Infant Deaths (per 1000)            the number of infant deaths per 1000 people in the country.
Life Expectancy (Males)             average age at death for men.
Life Expectancy (Females)         average age at death for women.
Region                                         Eastern European and former Soviet Union countries = 1
                                                    South American and Central American countries = 2
                                                    "Western" countries (e.g., France, Japan, USA) = 3
                                                   
Middle Eastern countries = 4
                                                    South Asian countries = 5
                                                   
African countries = 6.
Country                                       name of country.


Questions:

1.  Does a normal curve describe the distribution of per capita GNP well?  

2.  Which numerical variable has the strongest correlation with per capita GNP?  Note that "Region" is not a numerical variable (it is categorical) so correlations involving Region make no sense.

3.  a) What is the regression equation for predicting per capita GNP (Y) from birth rate (X)?
     b)  What is a typical deviation in GNPs from  the regression line?  (This is the root mean square error.)

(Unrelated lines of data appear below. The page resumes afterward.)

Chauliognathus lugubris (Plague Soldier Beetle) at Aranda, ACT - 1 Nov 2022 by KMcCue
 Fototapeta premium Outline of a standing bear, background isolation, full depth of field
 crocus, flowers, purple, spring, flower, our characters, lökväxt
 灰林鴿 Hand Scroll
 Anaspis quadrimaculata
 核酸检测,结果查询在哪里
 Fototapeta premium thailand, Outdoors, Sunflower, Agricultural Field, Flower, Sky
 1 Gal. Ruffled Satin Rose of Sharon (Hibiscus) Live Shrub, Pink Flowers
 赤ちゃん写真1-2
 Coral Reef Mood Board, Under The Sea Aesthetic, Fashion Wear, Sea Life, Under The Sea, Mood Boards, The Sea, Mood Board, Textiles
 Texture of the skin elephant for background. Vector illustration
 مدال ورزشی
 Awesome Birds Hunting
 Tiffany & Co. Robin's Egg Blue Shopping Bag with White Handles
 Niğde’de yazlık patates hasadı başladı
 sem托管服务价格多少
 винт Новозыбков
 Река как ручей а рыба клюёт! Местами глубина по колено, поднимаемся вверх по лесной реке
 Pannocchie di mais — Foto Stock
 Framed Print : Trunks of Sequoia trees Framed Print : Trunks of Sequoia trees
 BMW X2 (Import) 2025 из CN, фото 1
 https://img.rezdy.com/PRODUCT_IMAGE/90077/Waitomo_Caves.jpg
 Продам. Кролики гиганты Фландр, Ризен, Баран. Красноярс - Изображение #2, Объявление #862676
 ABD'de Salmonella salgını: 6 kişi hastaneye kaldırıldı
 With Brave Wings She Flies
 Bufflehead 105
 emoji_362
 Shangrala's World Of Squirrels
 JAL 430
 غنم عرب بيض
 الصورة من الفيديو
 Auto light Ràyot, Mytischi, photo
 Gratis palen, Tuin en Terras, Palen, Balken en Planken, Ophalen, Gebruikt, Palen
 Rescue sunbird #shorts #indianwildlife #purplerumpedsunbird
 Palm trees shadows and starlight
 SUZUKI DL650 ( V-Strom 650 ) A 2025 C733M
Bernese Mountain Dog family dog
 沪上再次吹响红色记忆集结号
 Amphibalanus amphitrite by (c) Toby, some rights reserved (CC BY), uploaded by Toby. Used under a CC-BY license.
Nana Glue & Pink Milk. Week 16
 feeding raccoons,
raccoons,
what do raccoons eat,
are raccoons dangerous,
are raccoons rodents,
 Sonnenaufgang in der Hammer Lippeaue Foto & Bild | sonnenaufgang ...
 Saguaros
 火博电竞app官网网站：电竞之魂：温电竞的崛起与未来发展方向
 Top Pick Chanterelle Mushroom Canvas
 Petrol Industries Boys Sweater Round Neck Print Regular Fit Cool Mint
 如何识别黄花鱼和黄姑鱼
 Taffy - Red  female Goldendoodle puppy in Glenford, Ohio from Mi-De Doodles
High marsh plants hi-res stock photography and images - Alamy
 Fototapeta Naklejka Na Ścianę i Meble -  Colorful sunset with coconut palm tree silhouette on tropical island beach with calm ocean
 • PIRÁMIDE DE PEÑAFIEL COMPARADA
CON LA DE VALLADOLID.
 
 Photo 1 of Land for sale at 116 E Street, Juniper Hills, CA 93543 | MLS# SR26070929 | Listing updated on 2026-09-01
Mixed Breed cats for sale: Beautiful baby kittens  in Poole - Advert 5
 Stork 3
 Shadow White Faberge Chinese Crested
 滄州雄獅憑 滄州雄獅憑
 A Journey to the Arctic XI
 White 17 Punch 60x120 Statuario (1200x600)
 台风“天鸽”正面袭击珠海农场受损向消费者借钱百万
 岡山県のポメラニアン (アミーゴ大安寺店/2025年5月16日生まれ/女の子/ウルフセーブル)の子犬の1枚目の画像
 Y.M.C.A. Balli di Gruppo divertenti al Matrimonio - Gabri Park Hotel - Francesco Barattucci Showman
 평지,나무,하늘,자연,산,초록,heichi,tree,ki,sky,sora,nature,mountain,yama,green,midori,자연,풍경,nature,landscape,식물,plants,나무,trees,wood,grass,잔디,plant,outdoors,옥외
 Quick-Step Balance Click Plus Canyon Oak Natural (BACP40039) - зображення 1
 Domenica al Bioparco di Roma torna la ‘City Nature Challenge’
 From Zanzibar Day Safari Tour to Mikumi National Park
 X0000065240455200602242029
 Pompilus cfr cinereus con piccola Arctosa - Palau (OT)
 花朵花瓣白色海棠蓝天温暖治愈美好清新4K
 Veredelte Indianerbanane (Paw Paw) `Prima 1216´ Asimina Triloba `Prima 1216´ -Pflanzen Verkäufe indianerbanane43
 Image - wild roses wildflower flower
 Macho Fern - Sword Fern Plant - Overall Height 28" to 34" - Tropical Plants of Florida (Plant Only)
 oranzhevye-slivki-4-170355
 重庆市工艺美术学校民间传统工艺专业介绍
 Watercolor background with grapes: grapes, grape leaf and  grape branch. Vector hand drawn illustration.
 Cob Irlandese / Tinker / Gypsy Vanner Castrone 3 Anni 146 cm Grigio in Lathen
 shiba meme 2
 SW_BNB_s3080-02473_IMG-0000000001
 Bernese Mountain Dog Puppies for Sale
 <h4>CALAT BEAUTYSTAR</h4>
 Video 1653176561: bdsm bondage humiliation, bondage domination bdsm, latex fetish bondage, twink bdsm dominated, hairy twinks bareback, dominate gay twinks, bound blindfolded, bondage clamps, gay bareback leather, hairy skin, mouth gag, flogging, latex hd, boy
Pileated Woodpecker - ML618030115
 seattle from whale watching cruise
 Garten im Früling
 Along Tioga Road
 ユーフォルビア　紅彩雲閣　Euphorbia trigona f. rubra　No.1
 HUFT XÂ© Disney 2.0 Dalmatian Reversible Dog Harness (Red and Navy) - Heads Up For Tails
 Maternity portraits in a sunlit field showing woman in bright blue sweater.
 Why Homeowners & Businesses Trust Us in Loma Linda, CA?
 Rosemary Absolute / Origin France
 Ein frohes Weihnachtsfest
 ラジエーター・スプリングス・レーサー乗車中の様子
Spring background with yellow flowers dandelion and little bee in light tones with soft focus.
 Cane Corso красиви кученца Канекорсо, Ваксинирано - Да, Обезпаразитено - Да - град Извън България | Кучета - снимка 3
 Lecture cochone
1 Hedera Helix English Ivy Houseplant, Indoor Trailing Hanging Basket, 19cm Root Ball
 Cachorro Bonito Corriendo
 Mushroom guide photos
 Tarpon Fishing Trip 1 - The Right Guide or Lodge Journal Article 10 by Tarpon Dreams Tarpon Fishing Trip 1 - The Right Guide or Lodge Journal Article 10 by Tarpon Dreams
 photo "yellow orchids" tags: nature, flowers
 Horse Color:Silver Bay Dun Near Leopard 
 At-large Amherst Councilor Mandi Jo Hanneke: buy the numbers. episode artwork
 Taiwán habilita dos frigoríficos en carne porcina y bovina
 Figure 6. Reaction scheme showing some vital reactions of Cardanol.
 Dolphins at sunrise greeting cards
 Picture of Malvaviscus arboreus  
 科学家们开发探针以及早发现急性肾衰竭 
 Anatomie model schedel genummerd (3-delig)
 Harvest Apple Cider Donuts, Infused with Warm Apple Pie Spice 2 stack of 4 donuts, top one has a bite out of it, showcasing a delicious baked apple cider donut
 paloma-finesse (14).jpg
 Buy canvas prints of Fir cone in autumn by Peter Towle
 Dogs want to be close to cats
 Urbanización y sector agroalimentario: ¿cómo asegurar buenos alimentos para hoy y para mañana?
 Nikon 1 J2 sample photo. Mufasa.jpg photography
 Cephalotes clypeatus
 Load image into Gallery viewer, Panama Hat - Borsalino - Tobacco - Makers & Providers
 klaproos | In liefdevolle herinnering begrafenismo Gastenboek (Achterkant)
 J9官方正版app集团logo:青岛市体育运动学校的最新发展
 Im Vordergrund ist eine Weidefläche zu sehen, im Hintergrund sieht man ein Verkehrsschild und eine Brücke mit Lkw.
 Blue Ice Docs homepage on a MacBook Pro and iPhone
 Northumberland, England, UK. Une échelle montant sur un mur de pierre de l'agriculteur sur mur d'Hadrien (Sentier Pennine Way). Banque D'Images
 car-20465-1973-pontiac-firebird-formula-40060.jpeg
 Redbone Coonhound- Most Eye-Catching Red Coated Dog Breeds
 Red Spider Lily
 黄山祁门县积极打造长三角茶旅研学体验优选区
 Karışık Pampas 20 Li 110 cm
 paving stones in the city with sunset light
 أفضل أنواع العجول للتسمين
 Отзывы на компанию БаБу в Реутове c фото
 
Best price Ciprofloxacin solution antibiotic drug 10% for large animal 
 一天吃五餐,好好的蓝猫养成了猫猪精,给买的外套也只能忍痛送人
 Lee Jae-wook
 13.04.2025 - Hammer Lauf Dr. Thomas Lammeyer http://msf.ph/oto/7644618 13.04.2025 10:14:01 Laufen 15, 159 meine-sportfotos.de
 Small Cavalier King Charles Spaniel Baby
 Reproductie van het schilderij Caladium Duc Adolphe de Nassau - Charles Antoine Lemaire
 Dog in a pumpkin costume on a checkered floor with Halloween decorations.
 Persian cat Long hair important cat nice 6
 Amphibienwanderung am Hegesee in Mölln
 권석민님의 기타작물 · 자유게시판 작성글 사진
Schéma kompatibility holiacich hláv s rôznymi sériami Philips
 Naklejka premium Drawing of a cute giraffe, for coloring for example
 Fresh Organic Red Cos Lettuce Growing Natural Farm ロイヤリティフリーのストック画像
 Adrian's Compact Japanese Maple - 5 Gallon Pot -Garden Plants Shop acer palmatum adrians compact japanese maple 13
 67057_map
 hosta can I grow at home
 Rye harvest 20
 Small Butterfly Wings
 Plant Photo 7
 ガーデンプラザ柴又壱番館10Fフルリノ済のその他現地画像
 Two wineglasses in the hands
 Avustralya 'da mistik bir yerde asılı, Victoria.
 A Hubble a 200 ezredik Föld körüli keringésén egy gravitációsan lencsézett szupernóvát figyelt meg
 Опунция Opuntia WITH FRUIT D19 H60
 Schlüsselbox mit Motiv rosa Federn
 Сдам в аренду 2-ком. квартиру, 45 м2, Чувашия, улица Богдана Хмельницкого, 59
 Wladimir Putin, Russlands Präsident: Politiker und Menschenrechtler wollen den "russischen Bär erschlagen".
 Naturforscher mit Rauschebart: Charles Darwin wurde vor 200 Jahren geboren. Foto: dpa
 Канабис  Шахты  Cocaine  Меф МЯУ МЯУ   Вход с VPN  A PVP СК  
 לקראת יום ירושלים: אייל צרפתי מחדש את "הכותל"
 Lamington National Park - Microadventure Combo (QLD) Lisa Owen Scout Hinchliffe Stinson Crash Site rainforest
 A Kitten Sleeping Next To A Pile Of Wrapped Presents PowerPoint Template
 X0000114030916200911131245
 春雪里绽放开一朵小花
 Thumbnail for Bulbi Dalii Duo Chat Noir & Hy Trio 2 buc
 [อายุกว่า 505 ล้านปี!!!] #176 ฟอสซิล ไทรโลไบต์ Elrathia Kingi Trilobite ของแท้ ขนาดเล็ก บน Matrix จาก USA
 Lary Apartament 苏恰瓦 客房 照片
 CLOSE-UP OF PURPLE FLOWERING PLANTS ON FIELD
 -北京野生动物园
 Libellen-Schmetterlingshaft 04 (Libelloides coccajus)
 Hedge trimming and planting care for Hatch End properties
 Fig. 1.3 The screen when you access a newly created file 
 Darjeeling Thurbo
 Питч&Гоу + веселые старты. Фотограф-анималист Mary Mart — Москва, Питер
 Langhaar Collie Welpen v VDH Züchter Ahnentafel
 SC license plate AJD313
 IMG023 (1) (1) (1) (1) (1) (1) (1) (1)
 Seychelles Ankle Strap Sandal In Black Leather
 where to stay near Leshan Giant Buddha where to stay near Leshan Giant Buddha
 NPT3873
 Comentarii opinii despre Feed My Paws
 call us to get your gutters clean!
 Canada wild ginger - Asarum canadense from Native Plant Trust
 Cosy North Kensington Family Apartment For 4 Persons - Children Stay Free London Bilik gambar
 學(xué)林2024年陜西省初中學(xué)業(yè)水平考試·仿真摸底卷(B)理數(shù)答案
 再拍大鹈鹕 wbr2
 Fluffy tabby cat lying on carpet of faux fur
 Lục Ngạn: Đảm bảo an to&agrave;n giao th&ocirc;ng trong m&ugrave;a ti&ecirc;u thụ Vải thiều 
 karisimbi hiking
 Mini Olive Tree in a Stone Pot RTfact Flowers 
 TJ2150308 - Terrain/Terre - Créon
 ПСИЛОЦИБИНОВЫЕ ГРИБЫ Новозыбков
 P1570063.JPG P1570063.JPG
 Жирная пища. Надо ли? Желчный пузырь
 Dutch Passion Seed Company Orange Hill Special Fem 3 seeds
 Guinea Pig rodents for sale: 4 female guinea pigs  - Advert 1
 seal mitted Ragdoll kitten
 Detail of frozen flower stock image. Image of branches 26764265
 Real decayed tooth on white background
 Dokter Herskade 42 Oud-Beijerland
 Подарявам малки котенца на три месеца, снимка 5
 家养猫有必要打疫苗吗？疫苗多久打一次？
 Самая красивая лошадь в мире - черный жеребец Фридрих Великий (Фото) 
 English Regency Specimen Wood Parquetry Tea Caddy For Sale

To fit a regression line, go to Analyze - Fit Y by X.  Select "GNP" as the Y variable and "Birth Rate" as the X variable.  Once you see the scatter plot, go to the red arrow next to Bivariate Fit.   Select Fit Line.

4.   Does the plot of residuals versus the predictor suggest any violations of the regression assumptions?   Would you be willing to use this regression to predict per capita GNPs?  Justify your answers in at most two sentences.

To obtain the plot of residuals versus the predictor values, click on the red arrow next to Linear Fit, which is just below the scatter plot.  Then, select Plot Residuals.

5a).  Let's do the regression using the (natural) logarithm of per capita GNP as the dependent variable.   What is the regression equation for predicting the logarithm per capita GNP (Y) from birth rate (X)? 
5b)  Does the plot of residuals versus the predictor suggest any violations of the regression assumptions?   Would you be willing to use this regression to predict logged per capita GNPs?  Justify your answers in at most two sentences.

6).  Give a 90% confidence interval for the true regression slope.  Use the t-multiplier.

7)  Are the data consistent with there being no linear relationship between log(per capita GNP)  and Birth rates?   Test the hypothesis that the slope equals zero.  Report your test statistic, p-value, and conclusion about the relationship between log(per capita GNP) and Birth rates.  Consider p-values in the .05 range as small enough to reject the null hypothesis.

8.  If a country has a birth rate of 30 people per 1000, can you use the regression equation to predict the per capita GNP?  If you think so, write down the estimated per capita GNP (take "e" raised to the predicted log(per capita GNP)).  If you think not, explain why not in at most one sentence.

9.  If a country has a birth rate of 80 people per 1000, can you use the regression equation to predict the per capita GNP?  If you think so, write down the estimated per capita GNP (take "e" raised to the predicted log(per capita GNP)).  If you think not, explain why not in at most one sentence.

10.  Can you conclude from the regression results that implementing health programs to decrease the birth rate will increase GNPs?  Explain why or why not in no more than three sentences.